Polly Nor Exhibition Preview - Bricks Magazine
Polly Nor's brand new solo exhibition, ‘Airing My Dirty Laundry in Public’, illustrates all too relatable scenes of the female experience during the age of the internet.
Well known among us for her satirical takes on everyday insecurities, tricky relationships, mental health and the grapple for self-acceptance, Polly Nor invites us to explore a new collection of previously unseen digital illustrations at her week-long 'Airing My Dirty Laundry in Public' exhibition at Protein Studios.
The unseen 36-part illustration series (plus a new ceramic sculpture work and an immersive installation piece) will be on display alongside her full collection of original hand-drawn illustrations, all bound together by continued themes of identity, sexuality and emotional turmoil, and the ways women live them out in an era so deeply governed by the world wide web.
Her (sometimes) twisted, (always) tongue-in-cheek depictions of women behind the scenes of everyday life has caught the attention of more eyes online than most illustrators could ever dream of, and has seen her work noted in the media by the likes of i-D, Dazed, It's Nice That, BBC Three and The Creator's Project. Her Instagram has amassed a commendable fanbase of 1 million and is home to some of the most shared illustrations on social media — all the while her work ironically taps into and points fun of the less glamourous aspects of being switched on and logged in.

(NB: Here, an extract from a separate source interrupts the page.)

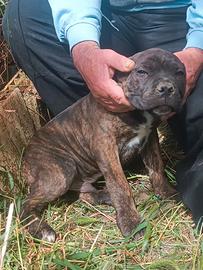 Cuccioli di cane corso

Her work is deservingly popular. Why? With illustrations so identifiable and reflective of moments that many of us can recount from our own daily happenings and how we use the internet, Polly has quite the knack for laying bare all the ugly and real aspects of being a woman living in a digitally connected world, painting un-touched up scenes of what really goes on behind our laptop and mobile screens. Witty, bold and clever in her presentation, she captures a devilish motif that weaves its way in and out most of her illustrations; a problematic character that seems to epitomise the internal monologue of the female characters she depicts — as they struggle against, are consumed by and confront the pressures and expectations from the outside world. Sometimes Polly’s females come out on top, most of the time the devil wins — and every now and again they become one another.
From scenes of untidy bedrooms, porn consumption and masturbation, to scrolling through social media from the comfort of the loo, Polly shows us inside the mind and habits of the digitally conscious woman and the dark side of its effects on mental well-being and self-image.